● **SUPPLIED MATERIAL**
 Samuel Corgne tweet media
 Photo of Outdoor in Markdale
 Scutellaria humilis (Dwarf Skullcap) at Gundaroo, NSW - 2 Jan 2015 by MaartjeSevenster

● **THE PROBLEM**
The response should be an exact copy of the lines from the one with "Photo of Outdoor in Markdale" through the end of the data, with no other text.

● **ANSWER TO THIS PROBLEM**
 Photo of Outdoor in Markdale
 Scutellaria humilis (Dwarf Skullcap) at Gundaroo, NSW - 2 Jan 2015 by MaartjeSevenster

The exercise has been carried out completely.